AMD APP SDK v2.3 empowers software developers to write new applications that can take full advantage of the parallel processing power of heterogeneous computing platforms, such as those based on new AMD E-series and C-series APUs that combine a multi-core CPU and DirectX11-capable GPU on a single die. The new SDK also offers improved runtime performance and math libraries for OpenCL.
“When developers harness the power of parallel processing within our APU designs, they can fundamentally change the PC experience to help not only make it faster, but also to create new possibilities in software,” said John Taylor, director of client product and software marketing, AMD.
Please advise.
I also have Phenom II Deneb in the compuiter I wrote this sentence on. It's mostly to deal with heavy codes such as those found in high-end IC design CAD and maybe some 3D stuff that also include PCB creation with other softwares in the background.
BTW, do you know which the best benchmark program for the Propeller? I may want some of the source codes so I can write the out-of-order execution demo for the P8X32A chip.
Dr. Mario, this is fantastic - with three of us working on this, sharing notes and ideas, we can make some great progressive strides.
The AMD Radeon HD 4670 has 320 streaming processors and has come down in price ranging from $50 to $25 street.

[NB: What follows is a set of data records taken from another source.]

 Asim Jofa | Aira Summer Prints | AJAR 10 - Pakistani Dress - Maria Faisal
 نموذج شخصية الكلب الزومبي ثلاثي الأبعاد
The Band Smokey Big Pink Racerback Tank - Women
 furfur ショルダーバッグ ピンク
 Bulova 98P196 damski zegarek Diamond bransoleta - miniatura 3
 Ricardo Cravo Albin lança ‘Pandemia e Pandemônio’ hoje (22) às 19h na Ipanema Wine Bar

You could build one massive multiple core machine with 320 cores with only one AMD and a few Propellers at the front end.

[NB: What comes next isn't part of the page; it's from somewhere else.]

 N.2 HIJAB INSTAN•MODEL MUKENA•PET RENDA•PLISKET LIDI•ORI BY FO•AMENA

http://www.anandtech.com/show/2616
With an investment of $500, get 20x320=6,400 processors. A thousand dollars yields a harvest of 12,800 processors.
With 514 million transistors, this board has a 2,000 MHz data rate.

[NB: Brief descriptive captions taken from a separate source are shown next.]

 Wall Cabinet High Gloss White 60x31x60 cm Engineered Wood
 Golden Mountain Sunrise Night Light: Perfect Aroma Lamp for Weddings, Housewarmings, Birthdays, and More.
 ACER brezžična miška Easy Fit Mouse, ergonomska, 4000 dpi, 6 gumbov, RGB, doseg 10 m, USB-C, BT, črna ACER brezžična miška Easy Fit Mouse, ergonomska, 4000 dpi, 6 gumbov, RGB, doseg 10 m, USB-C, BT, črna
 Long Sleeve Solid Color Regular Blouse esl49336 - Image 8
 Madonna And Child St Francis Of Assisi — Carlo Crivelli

http://www.amd.com/us/products/desktop/graphics/ati-radeon-hd-4000/hd-4600/Pages/ati-radeon-hd-4600-overview.aspx
Specs
http://www.amd.com/us/products/desktop/graphics/ati-radeon-hd-4000/hd-4600/Pages/ati-radeon-hd-4600-specifications.aspx
And, Mike G - you can do that, I think it's mentioned in the datasheet for Radeon HD 2000 series: http://developer.amd.com/media/gpu_assets/ATI_Radeon_HD_2000_programming_guide.pdf - otherwise, how would we use the GPU to re-encode our home video?
And, there's some problem: If we should use PCIe x4, we may need maybe 120 Props to satisfy the throughput requirements. PCIe x1 should be no problem to try and snake the data throughout, while PCIe x16 is a huge problem (will need 320 Propeller I / 24 Propeller II to keep up with that kind of bandwidth - at least if we use Cyclone III FPGA to cut out our jobs, that would solve the bandwidth problems - and beware: Altera Quartus II tools are HUGE [I am glad I got 500GB hard drive here. -___-;] and I have it installed on my workstation already.)
And running OpenCL on Propeller II is doable. It's all is need is that libraries be copied and converted into PASM then saved onto the boot firmware flash ( / FeRAM or even SPI-compatible Magnetic RAM) and running. OpenCL is supposed to be barebone (very small set of library - all by itself).